> _Task statement_
Retype, exactly as they appear below, the lines between the line holding "Halloween Costume Clown" and the line holding "Used Mitsubishi Outlander", both ends included.
───
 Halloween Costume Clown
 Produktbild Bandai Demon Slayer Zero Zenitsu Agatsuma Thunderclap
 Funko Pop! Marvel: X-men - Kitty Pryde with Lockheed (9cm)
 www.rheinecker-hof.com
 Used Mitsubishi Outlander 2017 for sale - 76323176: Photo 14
───
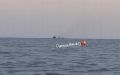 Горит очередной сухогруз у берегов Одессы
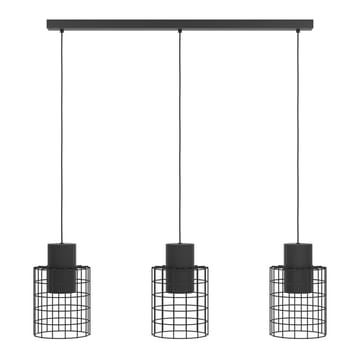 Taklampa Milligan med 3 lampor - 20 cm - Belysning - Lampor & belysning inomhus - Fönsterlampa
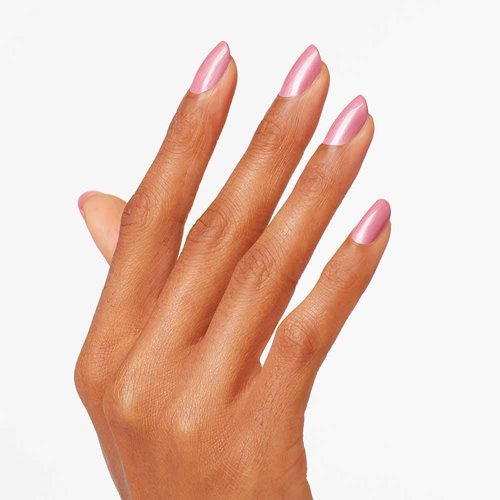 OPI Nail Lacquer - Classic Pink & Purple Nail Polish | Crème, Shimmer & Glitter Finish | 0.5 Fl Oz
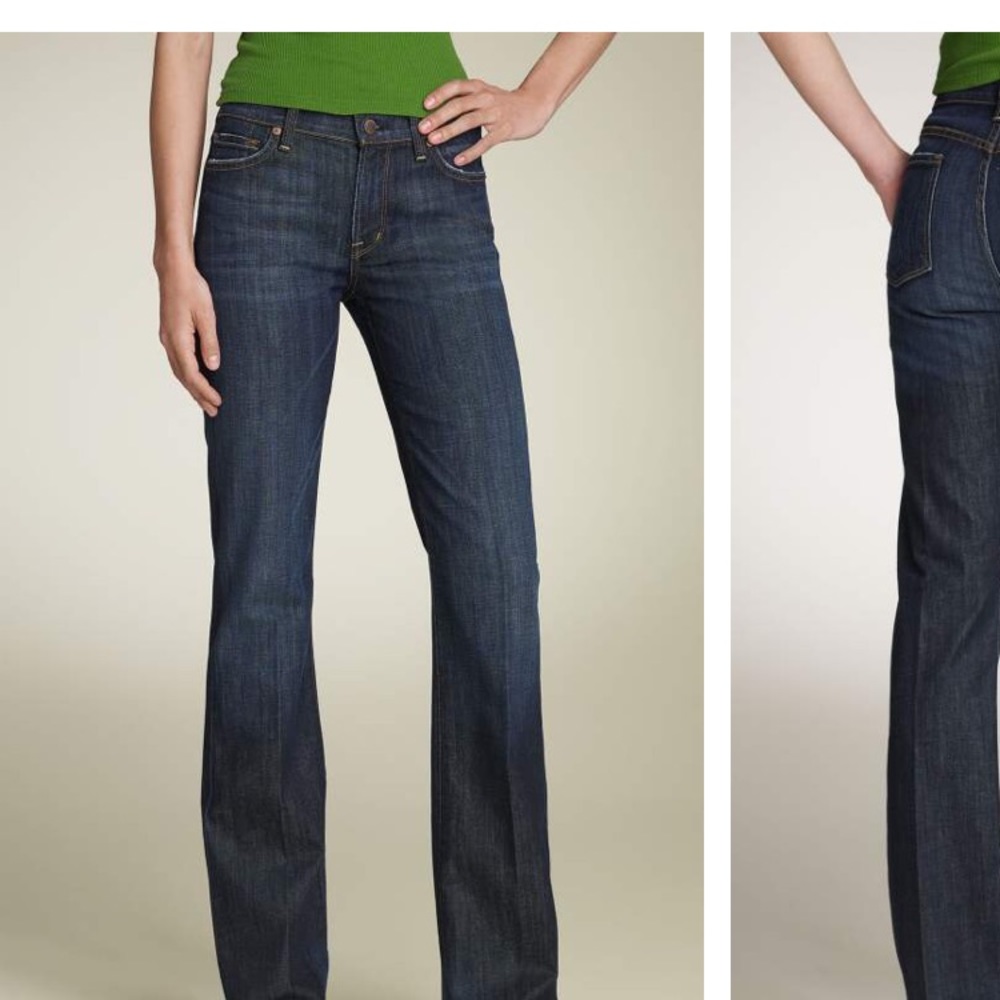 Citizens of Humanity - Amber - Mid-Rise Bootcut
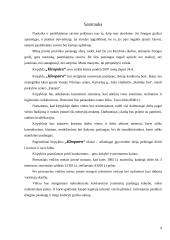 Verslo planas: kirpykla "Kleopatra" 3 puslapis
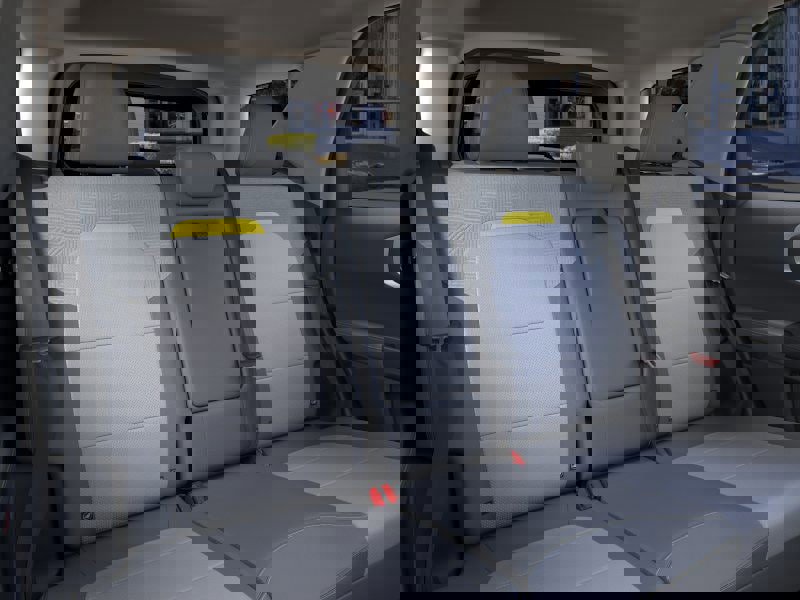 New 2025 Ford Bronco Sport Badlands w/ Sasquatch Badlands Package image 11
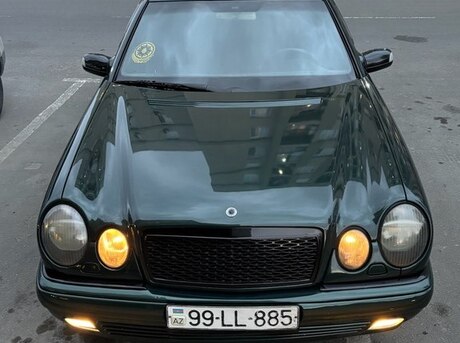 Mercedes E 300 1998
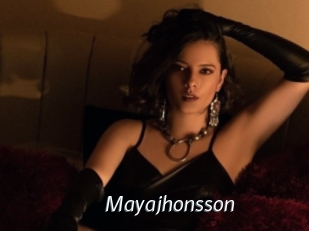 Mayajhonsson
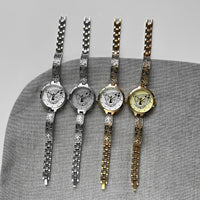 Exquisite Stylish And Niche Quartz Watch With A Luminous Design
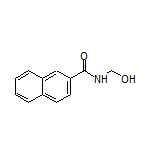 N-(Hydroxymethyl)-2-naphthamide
───
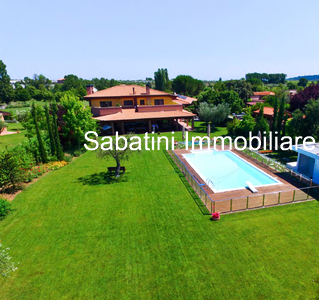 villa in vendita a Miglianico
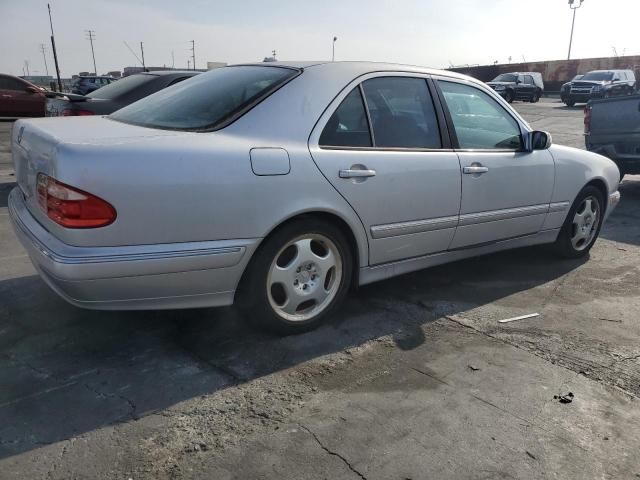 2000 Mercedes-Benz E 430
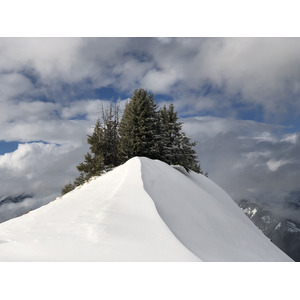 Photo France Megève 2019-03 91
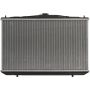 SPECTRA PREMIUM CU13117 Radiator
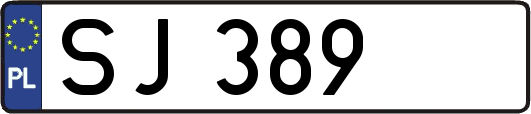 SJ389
───
> _Finished exercise_
 Halloween Costume Clown
 Produktbild Bandai Demon Slayer Zero Zenitsu Agatsuma Thunderclap
 Funko Pop! Marvel: X-men - Kitty Pryde with Lockheed (9cm)
 www.rheinecker-hof.com
 Used Mitsubishi Outlander 2017 for sale - 76323176: Photo 14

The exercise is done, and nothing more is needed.